Please note that these rights are limited under your applicable local data protection law. If you seek to exercise any of these rights, our obligation to respond is limited by and subject to the law applicable to you. You also may have the right to lodge a complaint with a relevant data protection authority.
Updating Your Personal Information and Communication Preferences
If you have a CFA Institute account, you may view your Personal Information on file with us at any time by visiting Your Account (account login required) on the CFA Institute website, where you may change update your Personal Information. You may also update your Personal Information through Customer Support.
You may change your preferences for how we contact you at any time by visiting "My Account" and selecting "Preferences" on the CFA Institute website, or by contacting us using the information provided under the “Contact Us” section of this Policy.
Retention
We retain Personal Information for as long as necessary to provide services, comply with legal and regulatory obligations, resolve disputes, and maintain business records.

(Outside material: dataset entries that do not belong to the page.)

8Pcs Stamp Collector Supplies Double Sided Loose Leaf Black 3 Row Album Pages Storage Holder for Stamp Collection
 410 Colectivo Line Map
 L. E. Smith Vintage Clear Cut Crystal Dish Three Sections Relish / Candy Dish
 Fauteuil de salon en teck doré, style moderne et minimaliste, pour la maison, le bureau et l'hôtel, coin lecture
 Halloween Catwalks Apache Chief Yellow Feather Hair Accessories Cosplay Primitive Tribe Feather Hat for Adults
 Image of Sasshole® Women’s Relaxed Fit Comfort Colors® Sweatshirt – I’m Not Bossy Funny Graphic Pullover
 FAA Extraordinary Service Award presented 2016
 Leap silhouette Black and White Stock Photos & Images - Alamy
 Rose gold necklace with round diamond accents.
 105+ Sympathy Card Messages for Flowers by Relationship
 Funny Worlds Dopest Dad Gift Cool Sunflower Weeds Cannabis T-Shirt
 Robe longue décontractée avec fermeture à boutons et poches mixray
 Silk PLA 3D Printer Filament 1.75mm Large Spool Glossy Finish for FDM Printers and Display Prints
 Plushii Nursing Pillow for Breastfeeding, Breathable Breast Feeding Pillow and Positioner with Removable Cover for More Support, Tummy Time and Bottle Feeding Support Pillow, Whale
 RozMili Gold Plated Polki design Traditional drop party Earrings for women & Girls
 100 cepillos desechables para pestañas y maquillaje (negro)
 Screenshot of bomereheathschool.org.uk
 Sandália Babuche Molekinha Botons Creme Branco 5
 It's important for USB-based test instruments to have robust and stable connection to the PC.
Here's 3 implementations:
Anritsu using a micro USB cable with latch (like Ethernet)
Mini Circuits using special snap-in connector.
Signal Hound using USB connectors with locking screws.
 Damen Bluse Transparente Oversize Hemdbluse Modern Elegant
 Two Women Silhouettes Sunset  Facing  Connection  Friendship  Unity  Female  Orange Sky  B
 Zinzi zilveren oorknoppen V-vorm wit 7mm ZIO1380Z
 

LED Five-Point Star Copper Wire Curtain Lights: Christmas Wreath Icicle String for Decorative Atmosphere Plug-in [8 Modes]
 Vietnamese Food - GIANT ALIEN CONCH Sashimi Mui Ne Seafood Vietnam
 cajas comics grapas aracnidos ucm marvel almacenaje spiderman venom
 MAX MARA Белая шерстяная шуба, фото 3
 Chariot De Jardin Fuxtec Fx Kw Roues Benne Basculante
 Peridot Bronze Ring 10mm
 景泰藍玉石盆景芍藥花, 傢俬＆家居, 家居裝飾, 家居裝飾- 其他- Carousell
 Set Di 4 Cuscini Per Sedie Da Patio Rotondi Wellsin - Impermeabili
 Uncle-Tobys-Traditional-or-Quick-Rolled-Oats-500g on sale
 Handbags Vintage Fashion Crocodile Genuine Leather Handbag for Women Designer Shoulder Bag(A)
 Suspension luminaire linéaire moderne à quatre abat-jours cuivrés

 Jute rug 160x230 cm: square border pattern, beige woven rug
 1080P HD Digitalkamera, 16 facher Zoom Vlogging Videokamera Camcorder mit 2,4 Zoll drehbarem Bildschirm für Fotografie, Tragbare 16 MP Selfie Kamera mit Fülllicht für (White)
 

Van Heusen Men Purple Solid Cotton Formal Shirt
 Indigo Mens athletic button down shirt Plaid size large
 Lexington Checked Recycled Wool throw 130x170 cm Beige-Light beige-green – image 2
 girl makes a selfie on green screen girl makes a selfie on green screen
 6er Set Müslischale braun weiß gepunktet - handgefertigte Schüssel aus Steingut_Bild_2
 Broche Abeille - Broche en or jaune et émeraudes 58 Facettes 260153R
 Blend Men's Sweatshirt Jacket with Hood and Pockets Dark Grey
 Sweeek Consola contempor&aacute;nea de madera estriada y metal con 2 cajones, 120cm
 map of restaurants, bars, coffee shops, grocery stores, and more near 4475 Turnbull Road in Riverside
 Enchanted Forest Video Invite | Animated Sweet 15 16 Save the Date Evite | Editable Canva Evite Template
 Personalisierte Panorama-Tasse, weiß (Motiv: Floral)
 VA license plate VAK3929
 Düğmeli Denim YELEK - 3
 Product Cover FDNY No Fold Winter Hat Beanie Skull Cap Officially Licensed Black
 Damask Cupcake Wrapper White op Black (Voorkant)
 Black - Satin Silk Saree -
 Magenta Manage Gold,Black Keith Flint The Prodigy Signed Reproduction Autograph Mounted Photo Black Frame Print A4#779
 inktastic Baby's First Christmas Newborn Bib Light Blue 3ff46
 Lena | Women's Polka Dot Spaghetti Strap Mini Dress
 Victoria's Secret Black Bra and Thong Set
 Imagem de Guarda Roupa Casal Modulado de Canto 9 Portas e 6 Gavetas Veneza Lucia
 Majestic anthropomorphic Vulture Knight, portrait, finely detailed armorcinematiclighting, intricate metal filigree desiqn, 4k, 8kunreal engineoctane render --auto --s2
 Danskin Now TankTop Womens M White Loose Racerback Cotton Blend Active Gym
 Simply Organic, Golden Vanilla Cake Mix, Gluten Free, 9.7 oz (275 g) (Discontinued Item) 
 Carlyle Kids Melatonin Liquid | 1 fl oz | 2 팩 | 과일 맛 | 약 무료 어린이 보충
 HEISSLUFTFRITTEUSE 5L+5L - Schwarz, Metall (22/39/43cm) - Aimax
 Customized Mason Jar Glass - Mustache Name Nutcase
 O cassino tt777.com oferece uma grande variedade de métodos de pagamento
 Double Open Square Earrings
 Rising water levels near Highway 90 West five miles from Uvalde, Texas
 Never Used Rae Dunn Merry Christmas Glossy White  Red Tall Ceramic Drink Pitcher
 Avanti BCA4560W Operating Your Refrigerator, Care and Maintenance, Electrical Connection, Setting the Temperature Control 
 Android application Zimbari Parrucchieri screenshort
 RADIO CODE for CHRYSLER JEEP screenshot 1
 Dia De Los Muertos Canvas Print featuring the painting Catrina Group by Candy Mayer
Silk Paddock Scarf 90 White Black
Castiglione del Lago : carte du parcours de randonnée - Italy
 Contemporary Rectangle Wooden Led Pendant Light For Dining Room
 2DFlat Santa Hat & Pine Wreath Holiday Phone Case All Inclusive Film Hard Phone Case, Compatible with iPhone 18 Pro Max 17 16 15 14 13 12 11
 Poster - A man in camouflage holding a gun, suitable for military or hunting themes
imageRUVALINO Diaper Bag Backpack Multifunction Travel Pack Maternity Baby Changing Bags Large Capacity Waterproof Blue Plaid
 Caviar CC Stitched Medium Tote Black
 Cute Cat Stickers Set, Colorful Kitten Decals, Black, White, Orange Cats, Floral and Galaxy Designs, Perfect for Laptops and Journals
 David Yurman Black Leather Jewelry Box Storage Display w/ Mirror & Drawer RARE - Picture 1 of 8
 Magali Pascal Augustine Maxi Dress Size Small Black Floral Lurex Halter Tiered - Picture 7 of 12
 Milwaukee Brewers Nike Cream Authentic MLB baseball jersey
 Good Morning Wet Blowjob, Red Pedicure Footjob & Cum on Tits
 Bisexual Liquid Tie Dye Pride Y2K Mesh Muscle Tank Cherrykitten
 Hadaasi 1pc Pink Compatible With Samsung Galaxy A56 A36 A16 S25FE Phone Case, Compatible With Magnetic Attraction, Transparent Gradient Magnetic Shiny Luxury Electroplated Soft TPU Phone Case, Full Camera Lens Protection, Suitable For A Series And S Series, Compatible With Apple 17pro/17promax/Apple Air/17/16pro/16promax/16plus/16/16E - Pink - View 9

When no longer needed, data will be securely deleted or anonymized.
Retention periods are determined based on:
- Legal and regulatory requirements (e.g., financial, employment, and data protection laws).
- Contractual obligations (e.g., agreements with members and test-takers).
- Business needs (e.g., maintaining certification records for professional verification).
- Fraud prevention and security (e.g., investigating unauthorized access).
- User requests (e.g., data deletion under applicable laws).
For participants in certificate and credential programs, we retain your Personal Information indefinitely as proof of your program status.
Security
We maintain appropriate technical, physical, and administrative safeguards to protect your Personal Information from unauthorized access, disclosure, alteration, or destruction. Access is limited to personnel who need it to perform their roles. While we strive to protect your Personal Information, we cannot ensure the security of the information you transmit. We recommend you take every precaution in protecting your Personal Information when you are on the internet. For example, change your passwords often, use a combination of letters and numbers when creating passwords, and make sure you use a secure browser.
Social Media Interactions and Links to Third-Party Sites
The Site may offer opportunities to engage in social networking, interact with others and/or submit or post messages or other content, such as on CFA Institute blogs ("CFA Institute Networking Sites"). The Site may also provide for interactions with third party websites or services including social media websites through plug-ins. Please note that any information or materials that you post or submit through such CFA Institute Networking Sites will be publicly posted to everyone that has access to the relevant Site. Posts to third party social media or other sites ("Social Media Sites"), including any content on our Site that you "share" or "like," will be controlled by and subject to the terms of such social media or other sites. We encourage you to use caution when you submit any information or materials on or through any CFA Institute Networking Site or interact with third party websites or services through plug-ins.
Changes to This Policy
We may update this Policy from time to time. Updates will be posted on our Site with a new “Last Updated” date. If material changes affect previously collected information, we will notify you and obtain consent where required.
Contact Us
For further information about CFA Institute's privacy practices, please contact us.
For purposes of services provided to residents of Mainland China, CFA Institute (USA) Beijing Representative Office, Unit 5501, 55/F China World Tower B, No. 1 Jianguomenwai Avenue, Chaoyang District, Beijing 100004, China, serves as the handler of personal information. You may contact CFA Institute’s China Data Privacy Representative at: [email protected].